Exercise aim:
Set down all of the entries below exactly, and omit the pictures.

Extracted data:

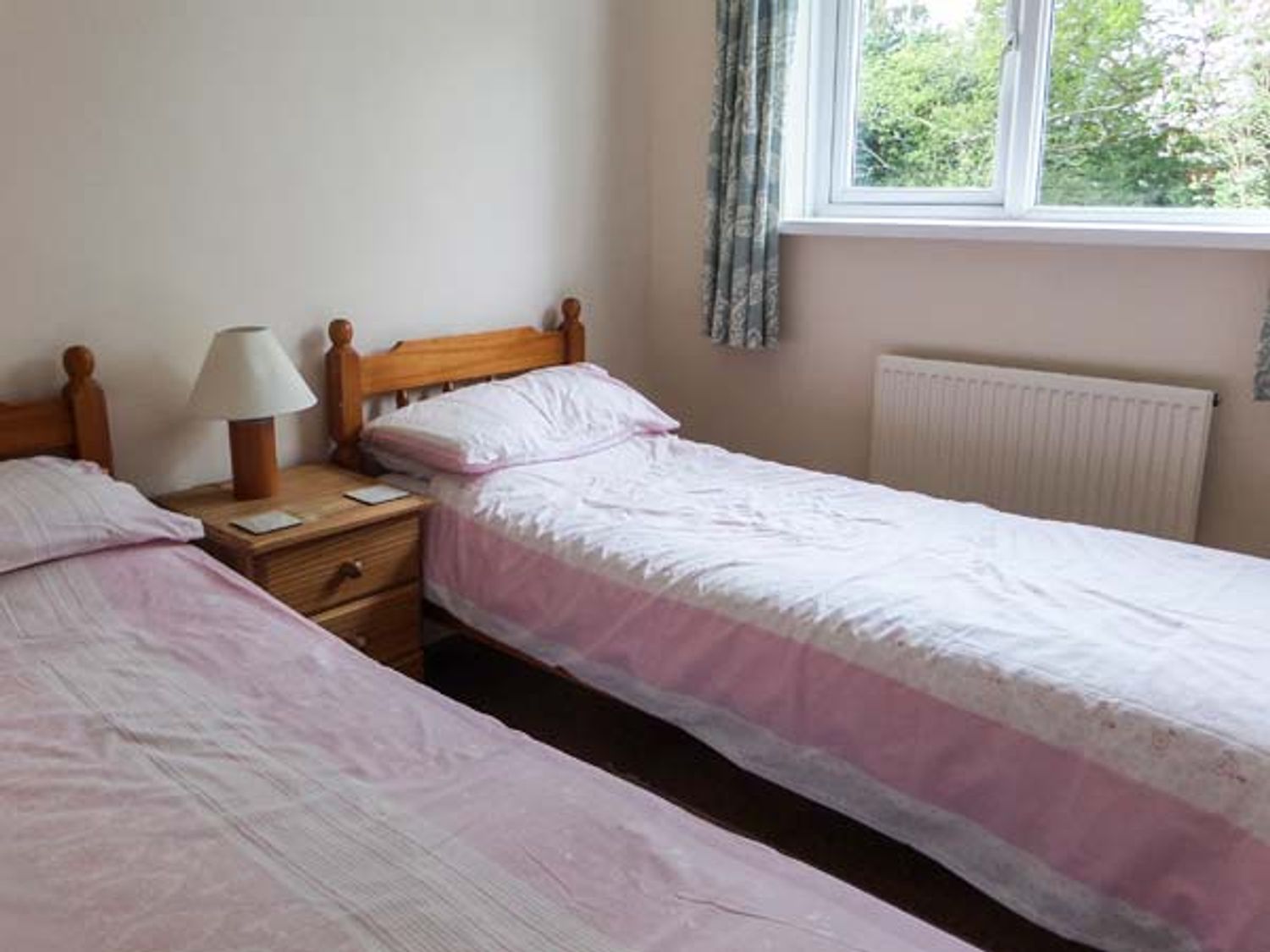 No 5 Carlyon Road, Cornwall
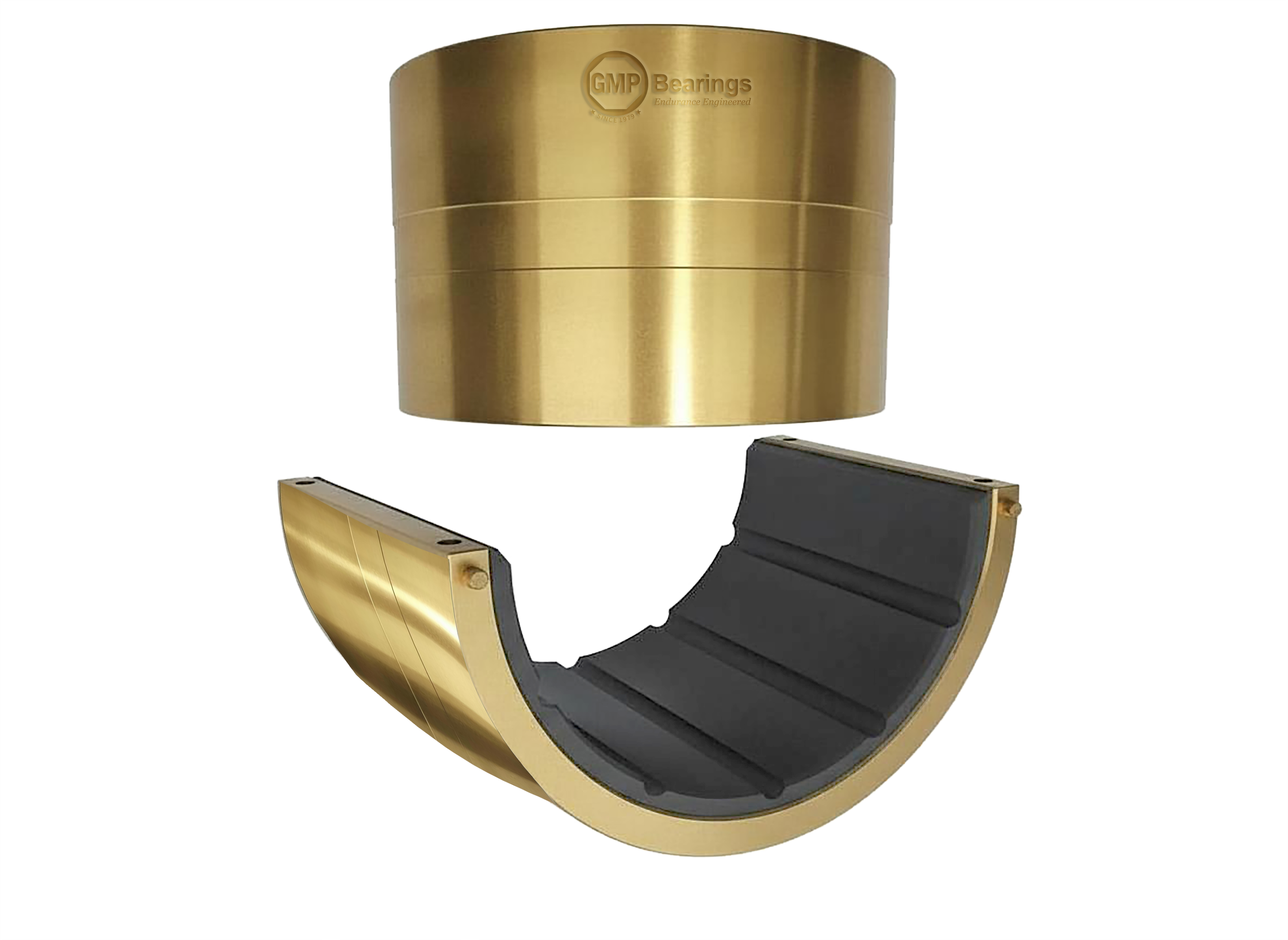 GMP Split Cutlass Bearings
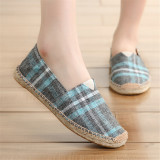linengreen5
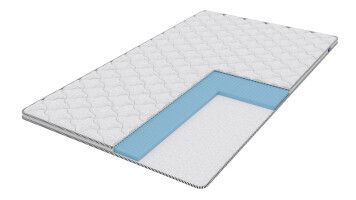 Матрас Vitaflex Топпер Foam Relax 70х190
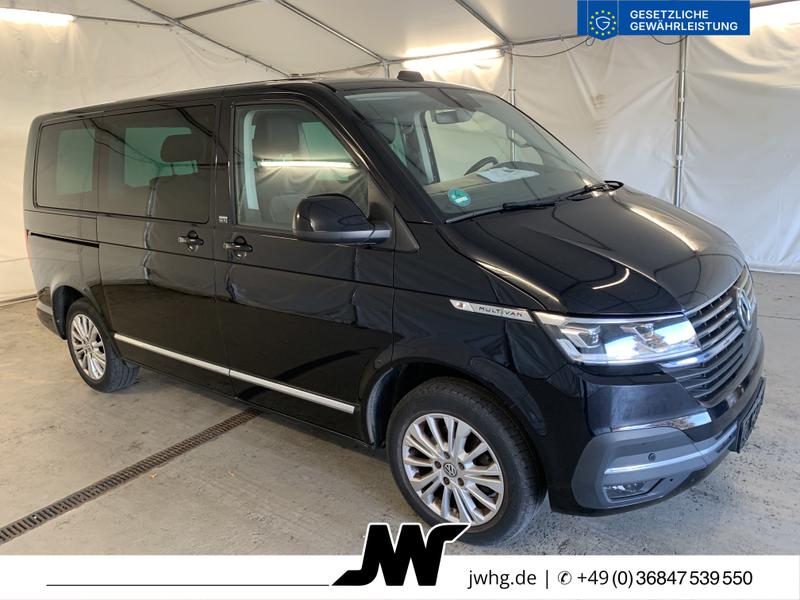 VW T6.1 Multivan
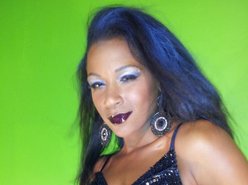 Image for Blacc Mistress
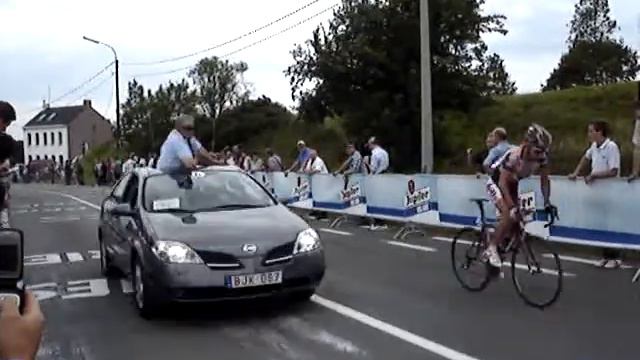BK Ronse 2007.2 смотреть онлайн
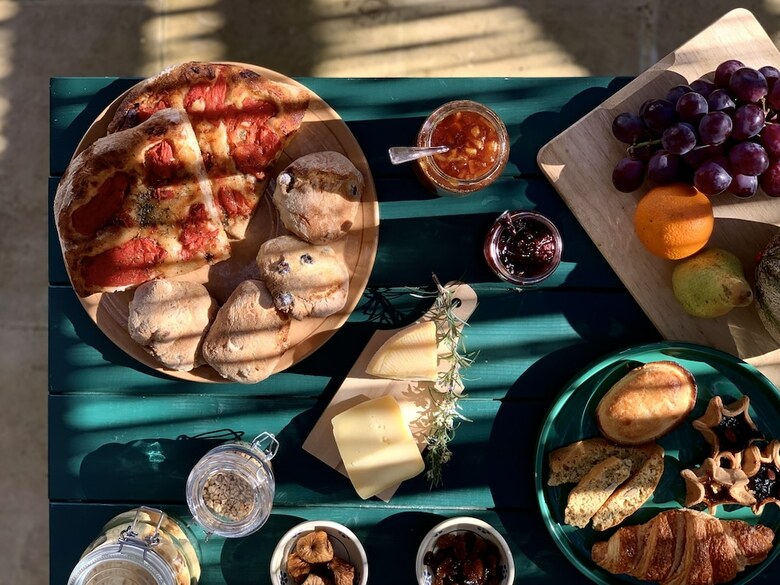 Agroturismo Masseria Caposella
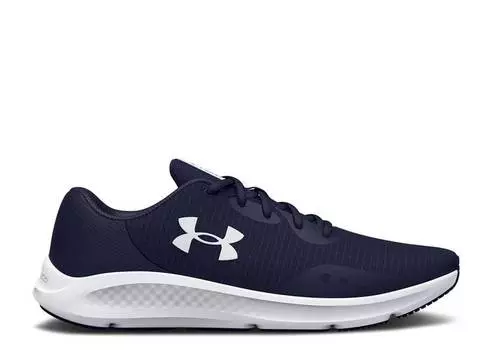 Кроссовки Under Armour CHARGED PURSUIT 3 TECH 'MIDNIGHT NAVY', нави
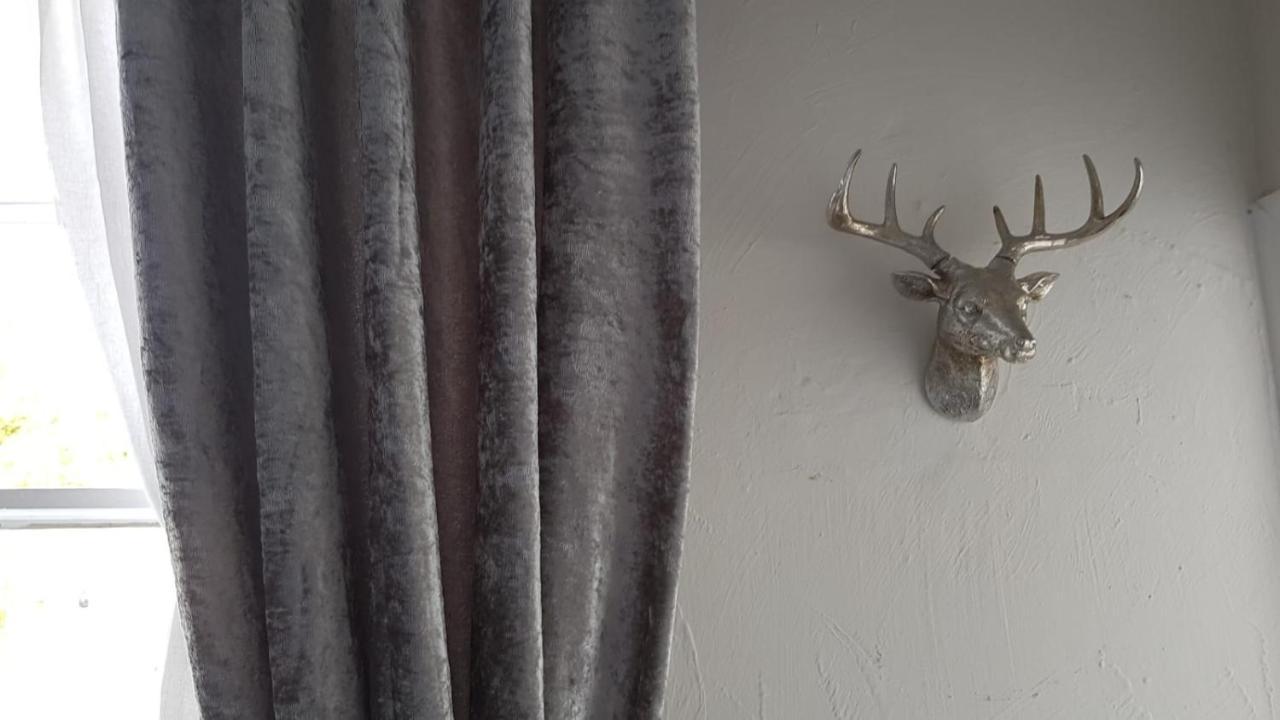 Newburgh Guesthouse Torquay Zewnętrze zdjęcie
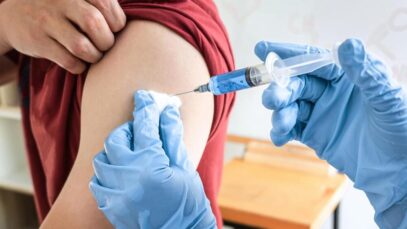Vacina da gripe aviária torna-se prioridade na Anvisa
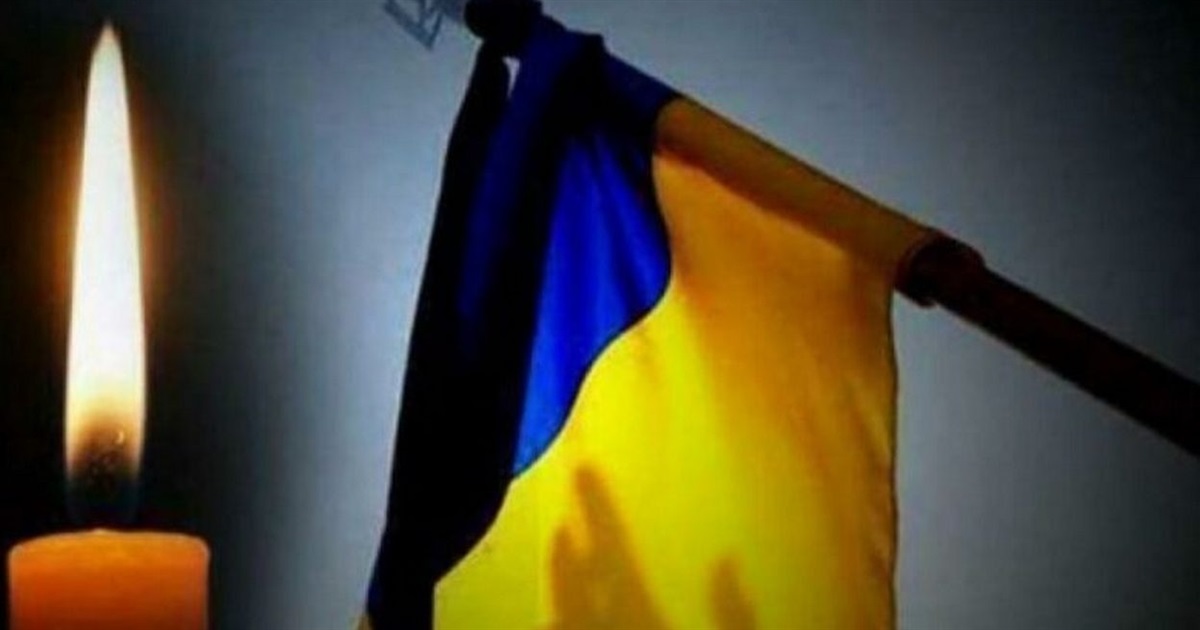 Ізмаїл — у жалобі: на фронті загинув воїн ПКШР Андрій Григоренко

Response below:
 No 5 Carlyon Road, Cornwall
 GMP Split Cutlass Bearings
linengreen5
 Матрас Vitaflex Топпер Foam Relax 70х190
 VW T6.1 Multivan
 Image for Blacc Mistress
BK Ronse 2007.2 смотреть онлайн
 Agroturismo Masseria Caposella
 Кроссовки Under Armour CHARGED PURSUIT 3 TECH 'MIDNIGHT NAVY', нави
 Newburgh Guesthouse Torquay Zewnętrze zdjęcie
Vacina da gripe aviária torna-se prioridade na Anvisa
 Ізмаїл — у жалобі: на фронті загинув воїн ПКШР Андрій Григоренко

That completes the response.